--- PROBLEM REQUIREMENTS ---
Here the job is to transcribe only the lines from the one containing "Graphique de l'évolution" through the last line below, exactly as written; please leave out pictures.

--- RECORDED INFORMATION ---
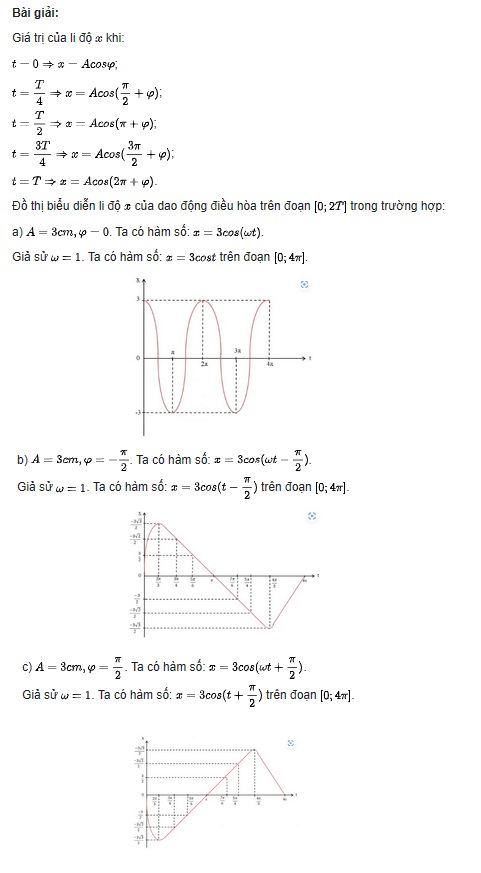 Giải toán lớp 11 trang 31 sách Cánh Diều tập 1, Hàm số lượng giác và đồ thị 13 giai toan lop 11 trang 31 sach canh dieu tap 1 ham so luong giac va do thi 7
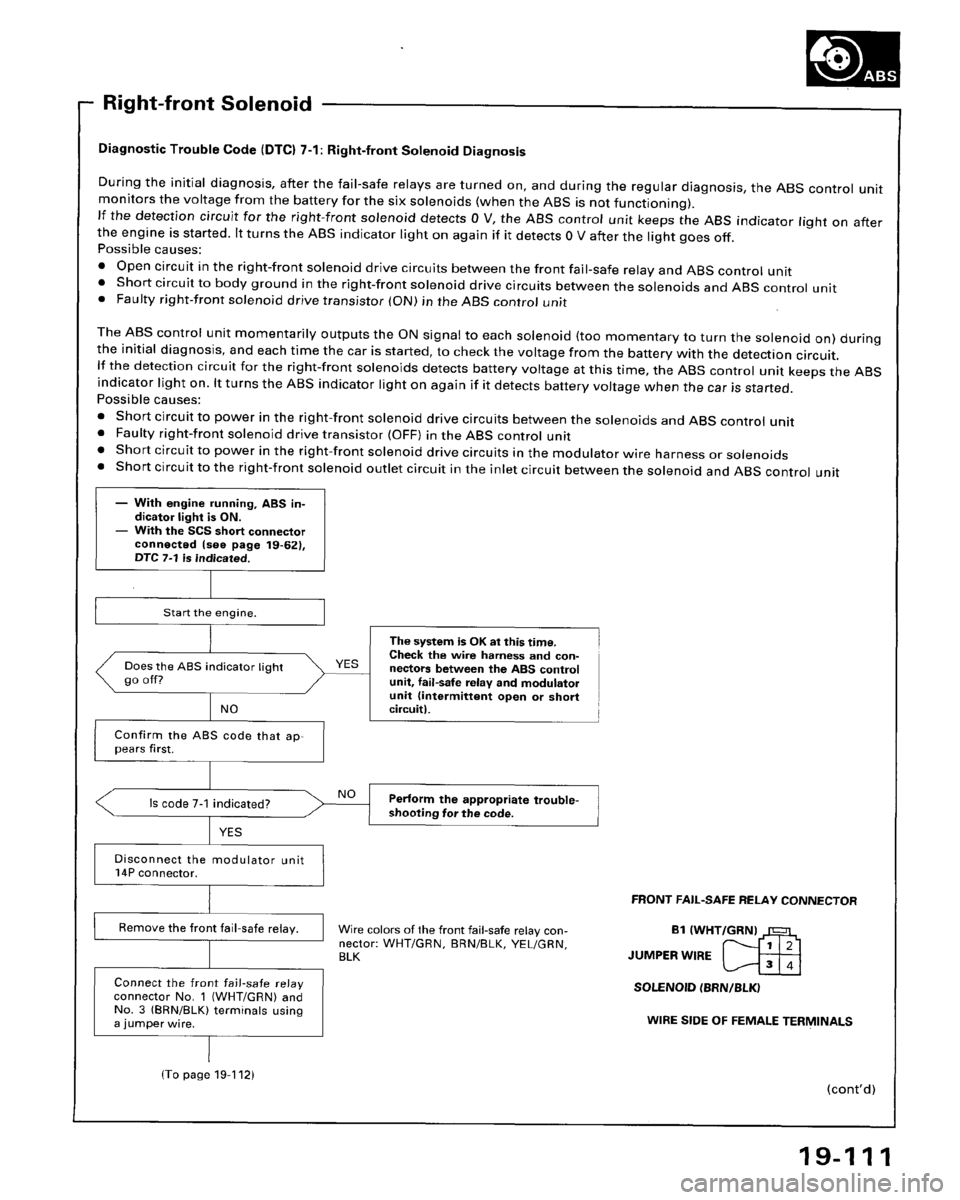 HONDA ACCORD 1995  Service Repair Manual 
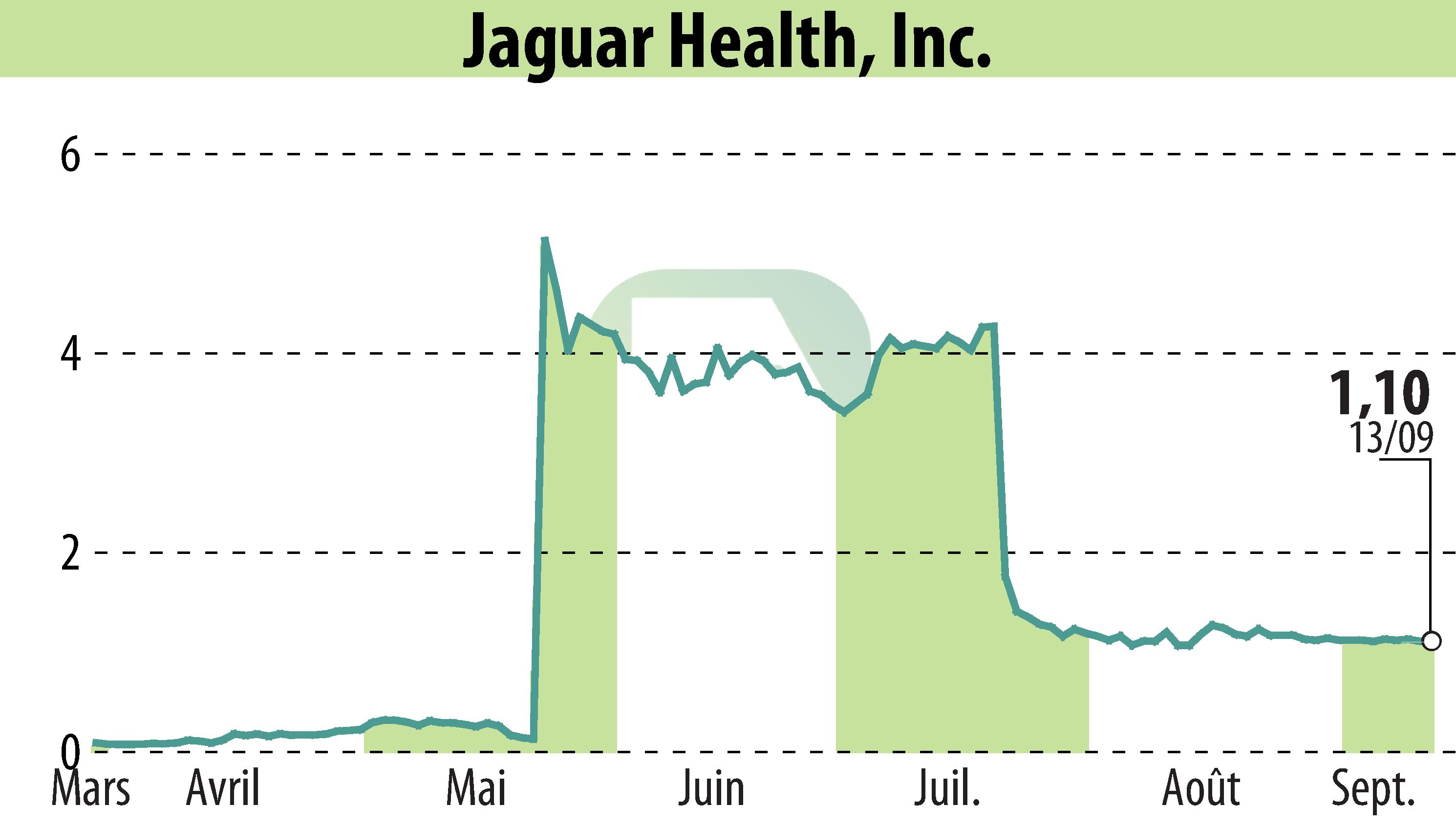 Graphique de l'évolution du cours de l'action Jaguar Health, Inc. (EBR:JAGX).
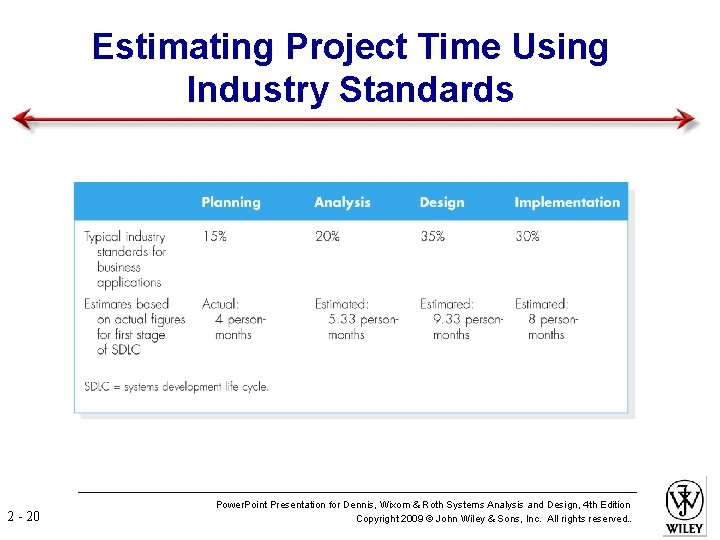 Estimating Project Time Using Industry Standards 2 - 20 Power. Point Presentation for Dennis,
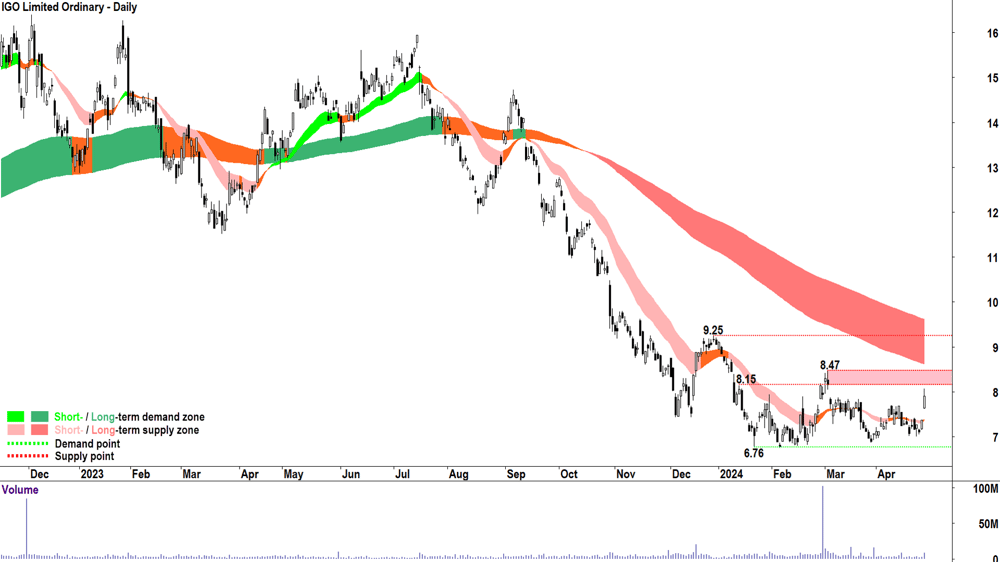 6. IGO (ASX-IGO)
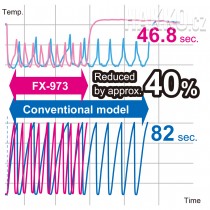 Doba cyklu zkrácena přibližně o 40 %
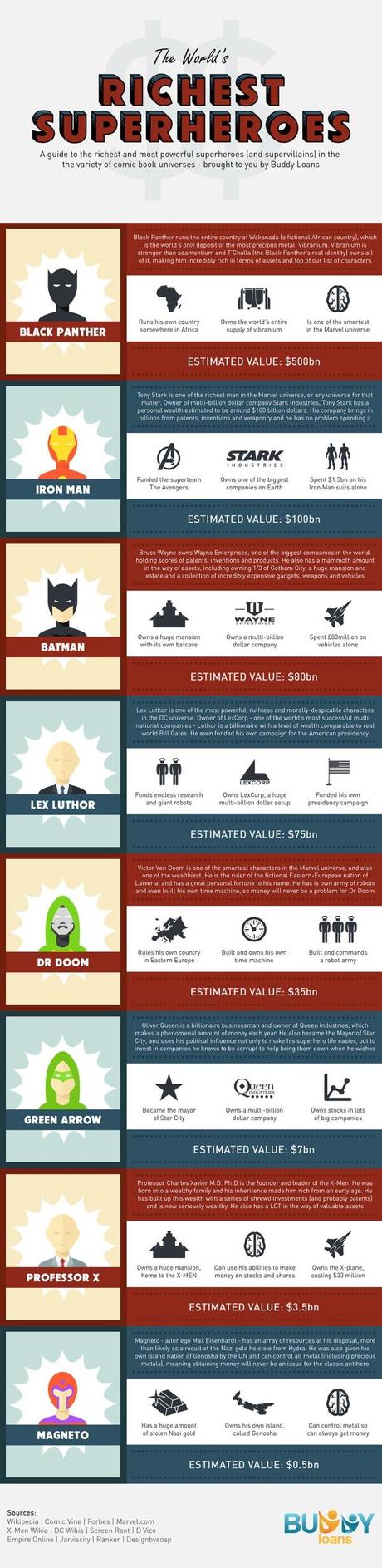 richest-superheroes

--- RESULT FOR THIS TASK ---
 Graphique de l'évolution du cours de l'action Jaguar Health, Inc. (EBR:JAGX).
 Estimating Project Time Using Industry Standards 2 - 20 Power. Point Presentation for Dennis,
 6. IGO (ASX-IGO)
 Doba cyklu zkrácena přibližně o 40 %
 richest-superheroes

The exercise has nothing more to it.